They suggest that startups should focus on finding their “traction channel”. This is the marketing channel (or channels) that will deliver the fastest possible growth. Examples include organic search engine optimization, Facebook marketing, content marketing and joint ventures.
Companies that are able to identify their traction channels early on have a much better chance at success.
If you’re going to find your traction opportunities, it’s essential to implement a robust testing infrastructure. You need to know which strategies are working and which aren’t. And the only way of doing this is to organize metrics from multiple campaigns into one centralized reporting area.
As a marketer, you will likely need to collate data from multiple platforms and analytics dashboards. While elements of this task will need to be done manually, automation tools like Zapier will help to speed up the process of transferring data.

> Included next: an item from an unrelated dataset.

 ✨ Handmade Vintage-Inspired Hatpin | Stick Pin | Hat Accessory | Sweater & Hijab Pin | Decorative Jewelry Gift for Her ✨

4. Core KPIs and Success Metrics
Your KPIs are the set of metrics that indicate the overall health and success of your startup.
In the early days, it’s crucial to distinguish between metrics that provide you with useful information and so-called “vanity metrics”. These figures are good for your ego, but don’t actually provide any insights about the performance of your campaigns.

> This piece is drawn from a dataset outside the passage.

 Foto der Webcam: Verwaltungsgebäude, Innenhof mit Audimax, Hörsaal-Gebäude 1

While there are others, marketers should take notice of two KPIs in particular:
- Customer Acquisition Cost – Customer acquisition cost is a relatively straightforward metric. It is the amount it costs to acquire a new customer. This number will vary for different marketing channels and strategies but, generally speaking, a diminishing overall customer acquisition cost points to an efficient marketing strategy.
- Customer Lifetime Value – Customer lifetime value is calculated by combining average purchase value, average purchase frequency and the average customer lifetime. If a startup’s customer acquisition cost is higher than its customer lifetime value, then it’s going to get into deep water pretty quickly.
Build out a set of KPIs unique to your startup. Just remember to ignore those metrics that don’t supply any meaningful information.
5. A Mental Health Programme
It’s easy to sideline your team’s mental health. From a productivity standpoint, however, this is a big mistake. Research shows that happier employees are more efficient, creative and hard-working.
Spend some time implementing practical measures, whether in the form of an employee assistance program (EAP), wellness-promoting events or a positive, green workspace, that contribute to the overall health of your team.